┌─ Provided data

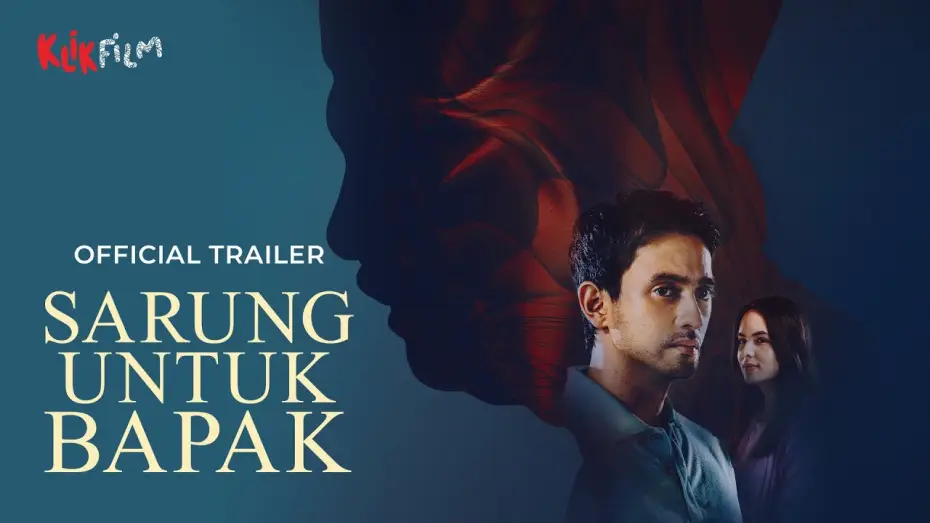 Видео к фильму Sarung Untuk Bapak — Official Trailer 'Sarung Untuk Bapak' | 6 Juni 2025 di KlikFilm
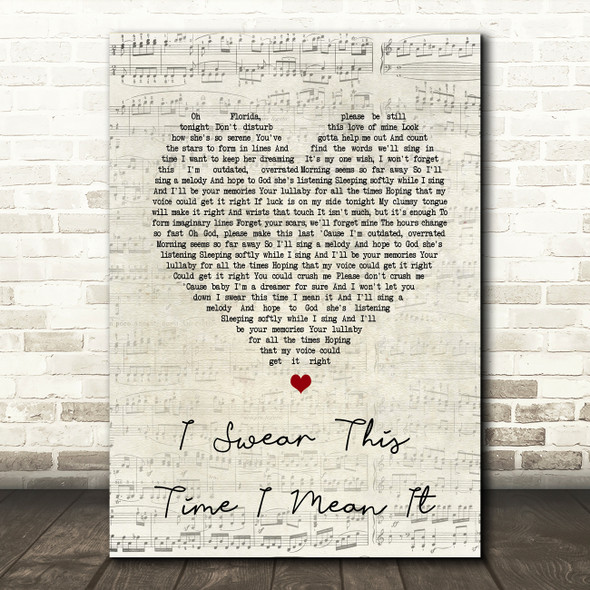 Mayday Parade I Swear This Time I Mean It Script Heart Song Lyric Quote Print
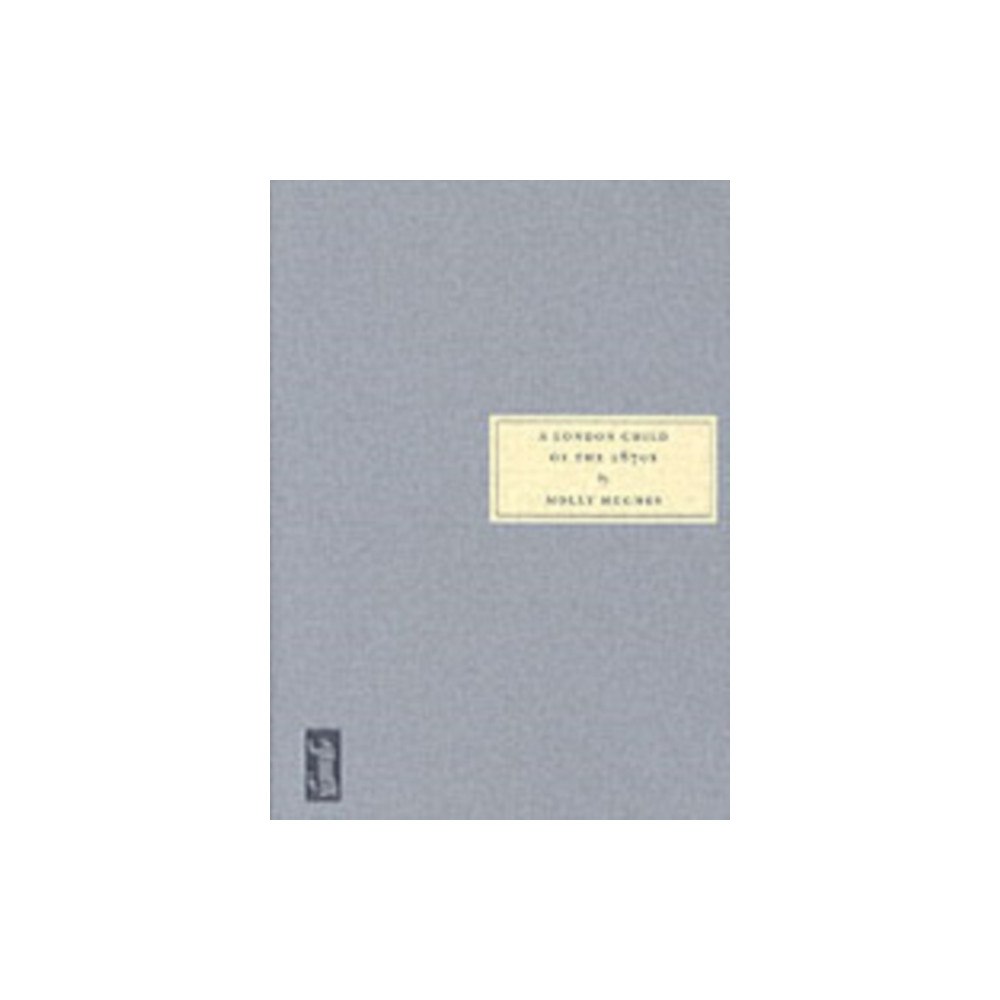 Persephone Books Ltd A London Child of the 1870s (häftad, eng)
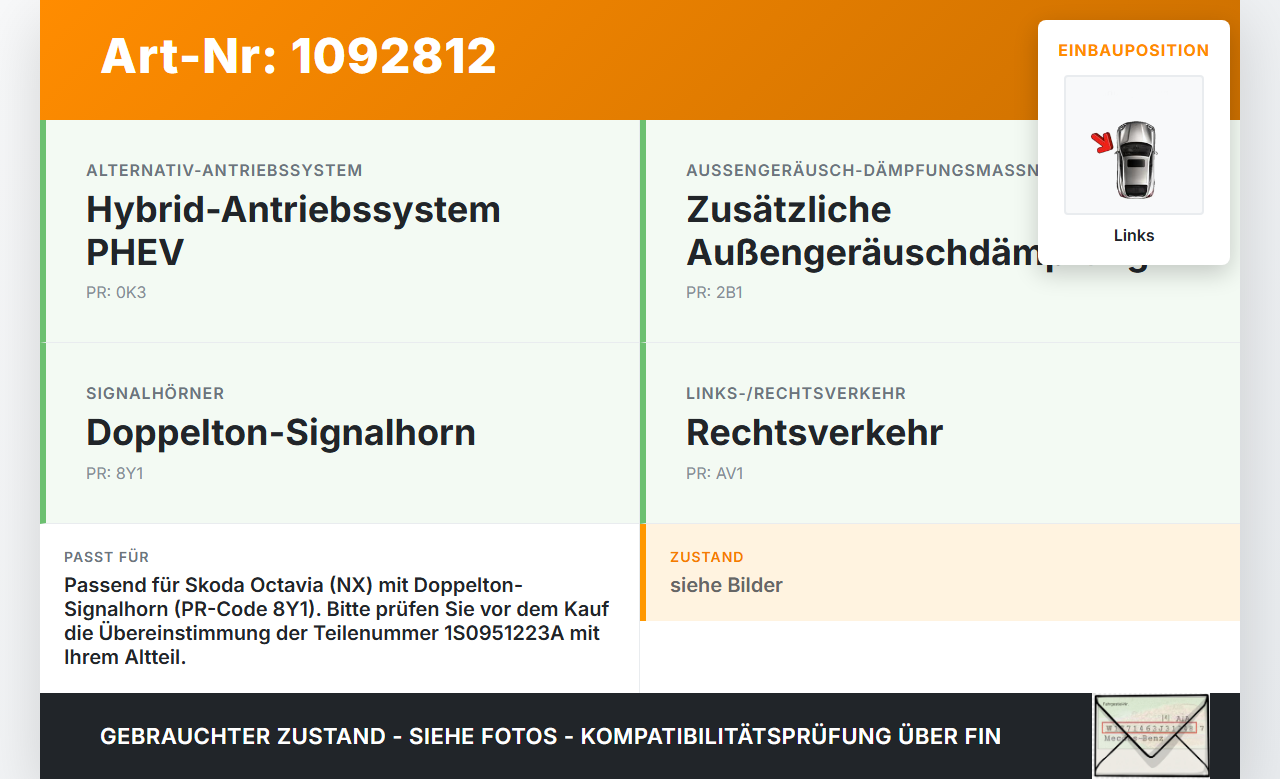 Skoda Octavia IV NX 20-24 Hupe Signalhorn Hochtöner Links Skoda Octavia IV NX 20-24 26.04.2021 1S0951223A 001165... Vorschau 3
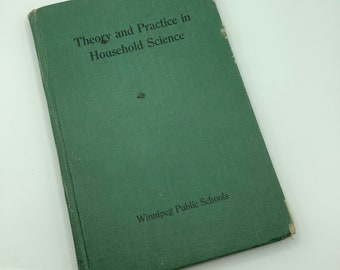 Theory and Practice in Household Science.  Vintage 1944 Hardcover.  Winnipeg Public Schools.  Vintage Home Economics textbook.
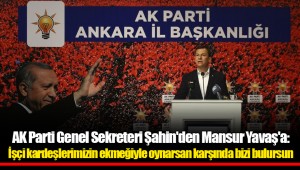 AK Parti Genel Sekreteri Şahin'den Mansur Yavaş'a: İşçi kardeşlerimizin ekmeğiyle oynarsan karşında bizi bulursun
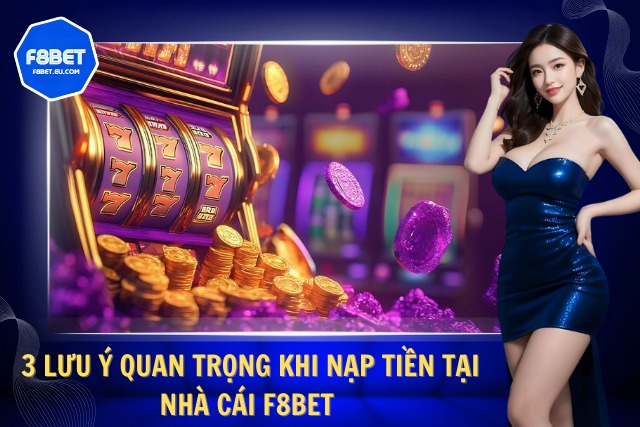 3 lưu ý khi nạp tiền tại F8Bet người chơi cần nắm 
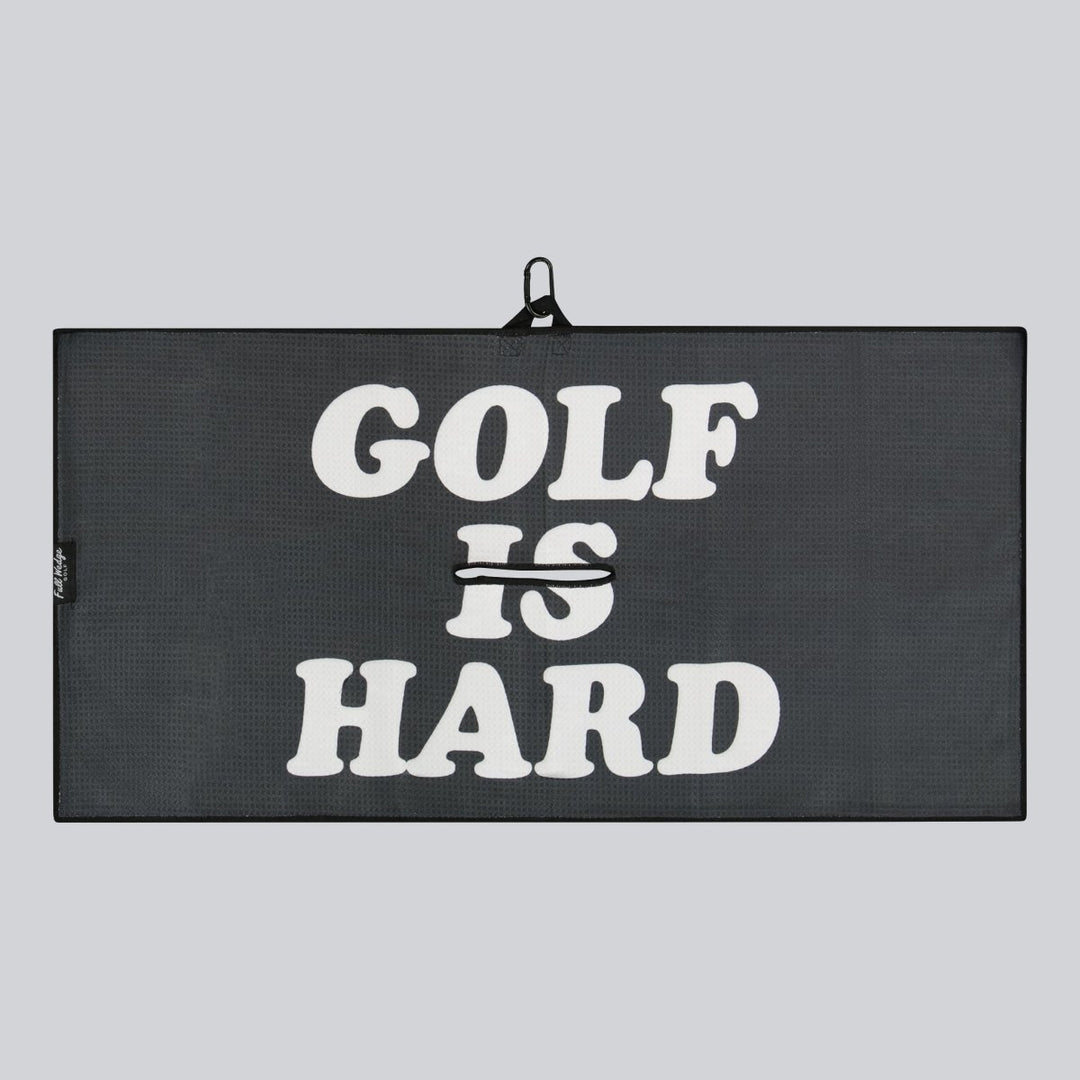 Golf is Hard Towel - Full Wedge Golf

└─

Problem description
With the images removed, give back every entry exactly as shown.

Task result
 Видео к фильму Sarung Untuk Bapak — Official Trailer 'Sarung Untuk Bapak' | 6 Juni 2025 di KlikFilm
 Mayday Parade I Swear This Time I Mean It Script Heart Song Lyric Quote Print
 Persephone Books Ltd A London Child of the 1870s (häftad, eng)
 Skoda Octavia IV NX 20-24 Hupe Signalhorn Hochtöner Links Skoda Octavia IV NX 20-24 26.04.2021 1S0951223A 001165... Vorschau 3
 Theory and Practice in Household Science.  Vintage 1944 Hardcover.  Winnipeg Public Schools.  Vintage Home Economics textbook.
 AK Parti Genel Sekreteri Şahin'den Mansur Yavaş'a: İşçi kardeşlerimizin ekmeğiyle oynarsan karşında bizi bulursun
 3 lưu ý khi nạp tiền tại F8Bet người chơi cần nắm 
 Golf is Hard Towel - Full Wedge Golf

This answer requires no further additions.